He drew his fingers to his face, framing the empty display between them. The little glass doors were shut and locked, but ready anytime to open and receive their prize. It stood out proudly among his collection of pinned butterflies, stuffed birds, and model airplanes.
He nodded at it, secure in the knowledge that it was perfect. He checked to make sure everything was set up for his return, swept his jacket off the chair and breezed through the door, heading off to pick up his treasure.
He remembered seeing it for the first time, the ink highlighted by the flashing strobe lights. Green, blue, pink, red. He saw it from every angle as its carrier moved her body, dancing among the mob of clubbers. Only the upper half had been visible, the dress having to cover some part of her body.
He wanted it, he needed it. His hand even reached out to touch it, but she was too far away, him being at the bar. His eyes wouldn’t leave it; he pictured it on his wall, proudly displayed for everyone to see, not hidden away by clothing.
She spun, breaking his gaze. And he got angry. He squeezed the glass in his hand until it broke, spraying glass and beer all over the counter. He stood up quickly, shaking his hand and moving away, his feet moving him toward the door.
Suddenly, he stopped, looked back, and headed onto the dance floor, weaving among the people to get to it. Words spewing out of his mouth without his control.
And the next thing he knew, she was smiling and saying, “I would love to. Pick me up at six next Saturday.” Slipped a paper into his hand, “Here’s my number.”
“So tell me more about you,” she turned the conversation skillfully. It was a vehicle she had mastered. “What does Monty care about? What does Monty like to do?”

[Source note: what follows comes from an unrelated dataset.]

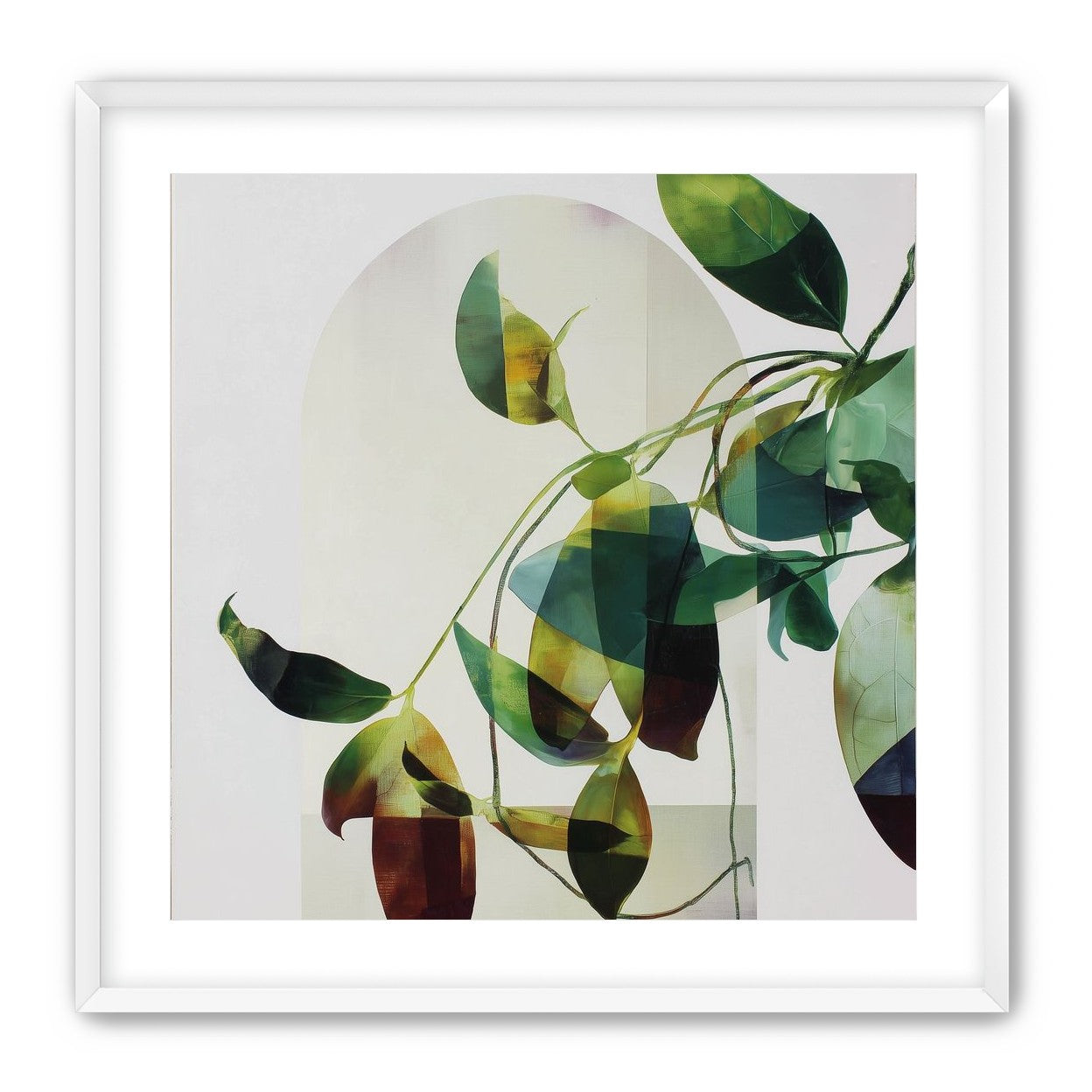 Leaves in a pale halo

He smiled shyly, shifted his weight. Draw her in. Act innocent. “I’ve always been fascinated by flying. Maybe an angel like you could teach me?”
She flipped her hair when she laughed, hiding the tip of the tattooed wing on her shoulder that he’d been staring at for the past half hour. He felt slightly peeved that he had to meet her eyes. Staring off into space would definitely not make her want to come with him.
“Maybe I could,” a wicked grin split across her face.
Her smile slipped a bit. Shit. “Could teach you about flying.”
He chuckled, nervous for real this time. “Oh yes, sorry. I just… got lost in your eyes.”
She was back to him, her face lighting up like it was under lit by a flashlight. Her hand slid slowly across the table, enclosing his like an iron cage. He forced himself to keep smiling. It’s for the wings. It’s for the wings.
“So ah, let’s say we go somewhere, and I’ll teach you, hmm?” her eyebrows raised.
Genuine happiness showed on his face at that. “We can go to my place. You get our coats, I’ll pull around the car.”
He tested the knife tip against his finger, pushing just hard enough for two beads of blood to well up. Tunes buzzed from his throat as he approached the body laying face down on the table. He had removed her shirt to get the full view.
His finger trailed delicately along the feather outline. “You really have wondrous wings, my dear. Too bad they couldn’t carry you away.” He laughed at his own joke.
The knife sliced through her skin like paper, drawing it away from the muscle. His white gloves caught a red tint as he worked, but he didn’t mind. They were going to be burned anyway, along with his suit.
The last strand snapped with a sickening sound that made him laugh out loud. He held it up. Not a single mistake.
He used the bathtub to clean it. There were no windows for anyone to peak through. Then, leaving it to soak as the tanning book had said, he went on to the process of removing the body.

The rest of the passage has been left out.